WORK ITEM » Restate word for word the lines below from the one that has "Juego de Cubiertos de" through the one that has "Blue Boarding Pass", keeping both and dropping all pictures.

RECORDS FOR THIS TASK »
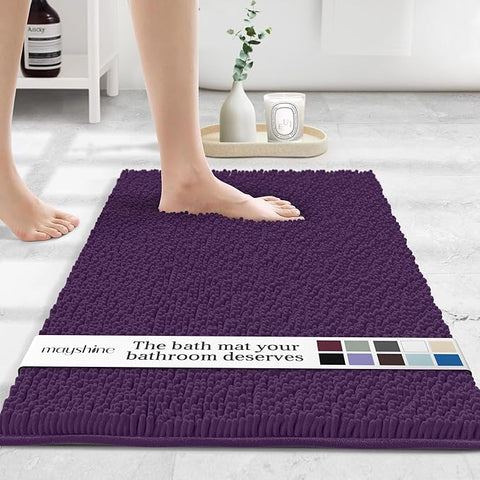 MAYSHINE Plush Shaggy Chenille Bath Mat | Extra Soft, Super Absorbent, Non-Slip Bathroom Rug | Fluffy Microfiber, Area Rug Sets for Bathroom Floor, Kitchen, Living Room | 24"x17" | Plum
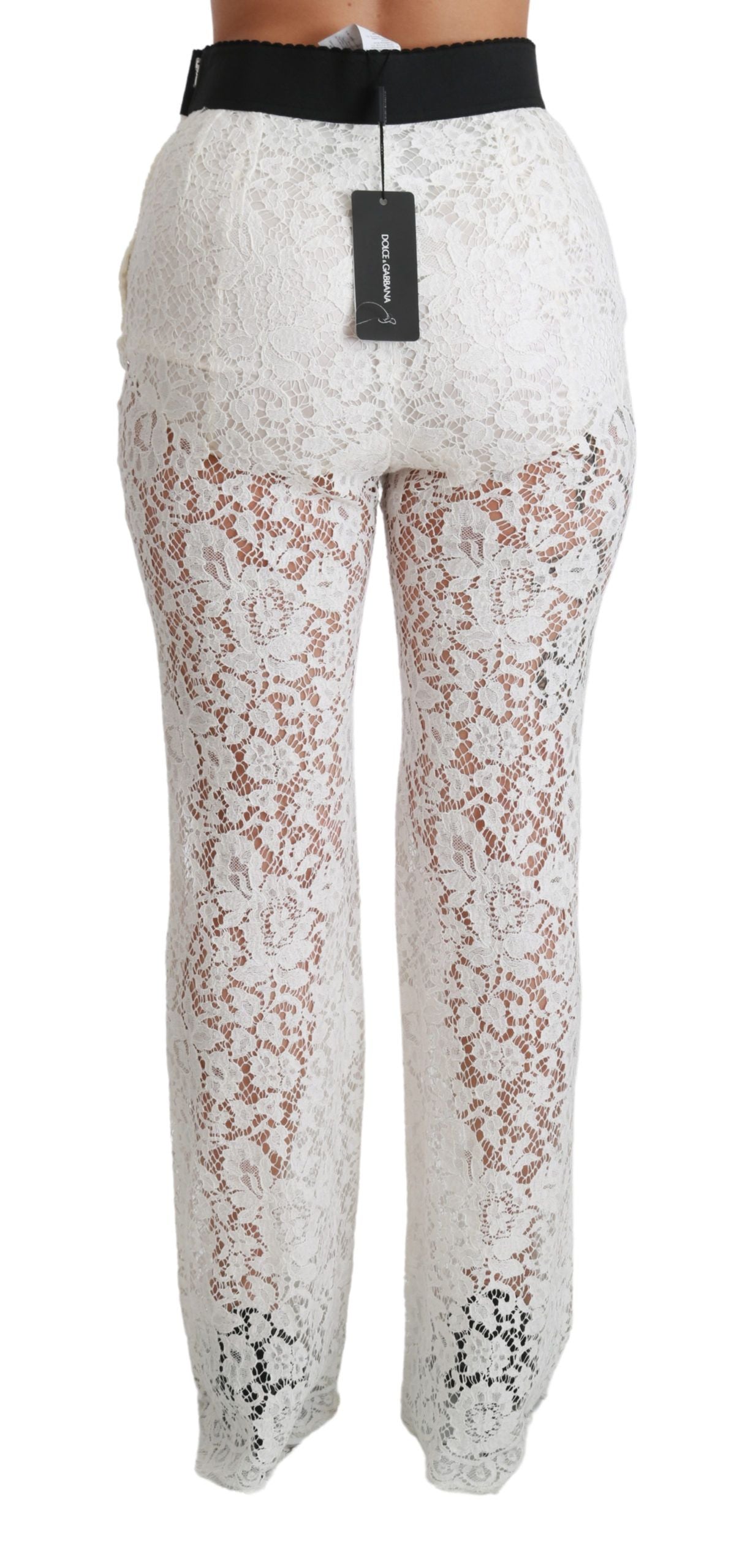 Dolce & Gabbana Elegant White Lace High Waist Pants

---

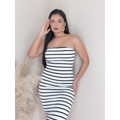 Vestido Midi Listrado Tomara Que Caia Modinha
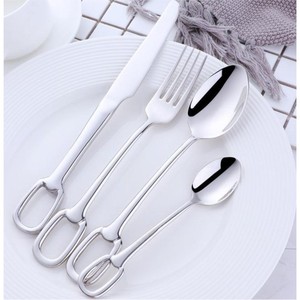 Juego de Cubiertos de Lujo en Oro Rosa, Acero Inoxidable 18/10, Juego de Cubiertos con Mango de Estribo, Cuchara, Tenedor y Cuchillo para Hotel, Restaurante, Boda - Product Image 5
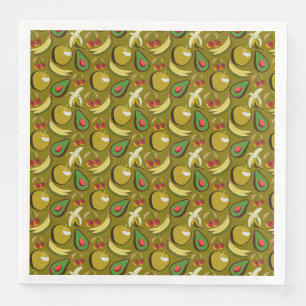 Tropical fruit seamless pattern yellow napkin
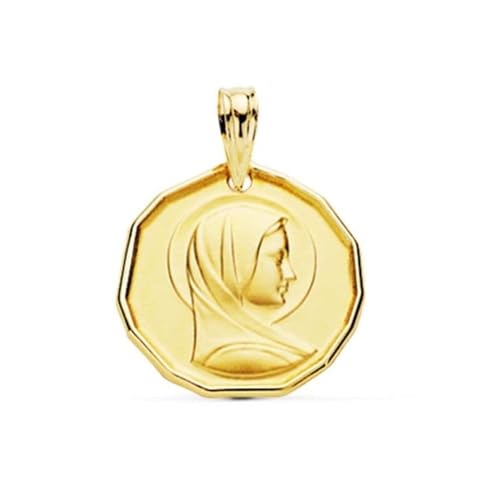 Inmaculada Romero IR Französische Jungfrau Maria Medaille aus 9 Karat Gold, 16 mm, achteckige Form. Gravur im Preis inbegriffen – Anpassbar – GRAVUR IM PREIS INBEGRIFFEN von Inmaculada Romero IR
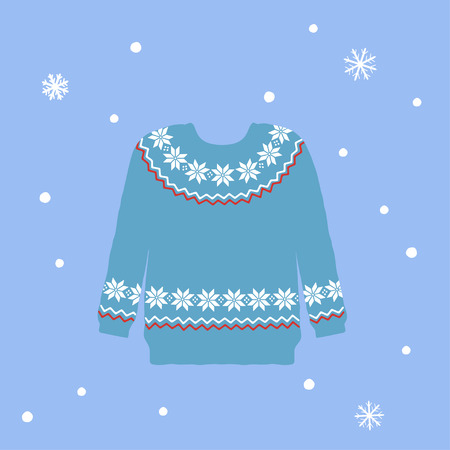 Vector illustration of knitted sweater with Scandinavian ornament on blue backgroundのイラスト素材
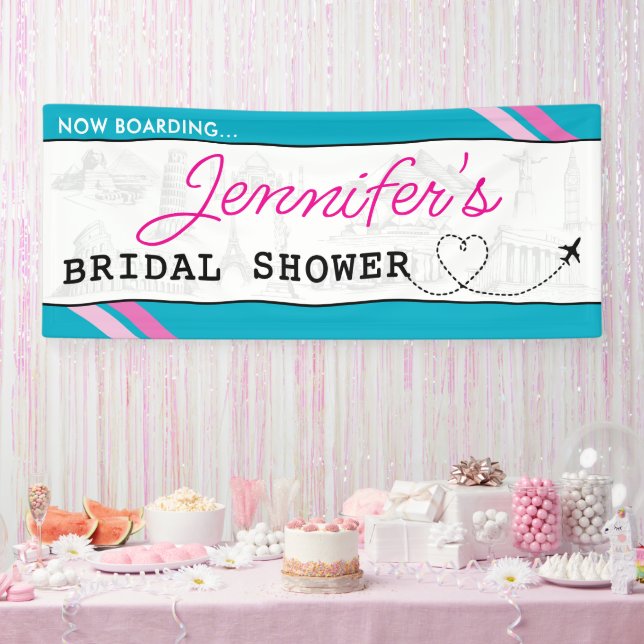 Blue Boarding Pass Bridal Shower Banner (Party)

==

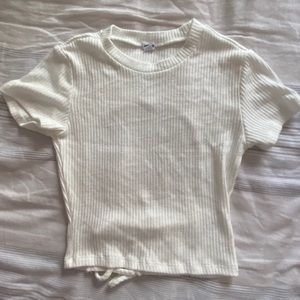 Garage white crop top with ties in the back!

EXERCISE RESPONSE »
 Juego de Cubiertos de Lujo en Oro Rosa, Acero Inoxidable 18/10, Juego de Cubiertos con Mango de Estribo, Cuchara, Tenedor y Cuchillo para Hotel, Restaurante, Boda - Product Image 5
 Tropical fruit seamless pattern yellow napkin
 Inmaculada Romero IR Französische Jungfrau Maria Medaille aus 9 Karat Gold, 16 mm, achteckige Form. Gravur im Preis inbegriffen – Anpassbar – GRAVUR IM PREIS INBEGRIFFEN von Inmaculada Romero IR
 Vector illustration of knitted sweater with Scandinavian ornament on blue backgroundのイラスト素材
 Blue Boarding Pass Bridal Shower Banner (Party)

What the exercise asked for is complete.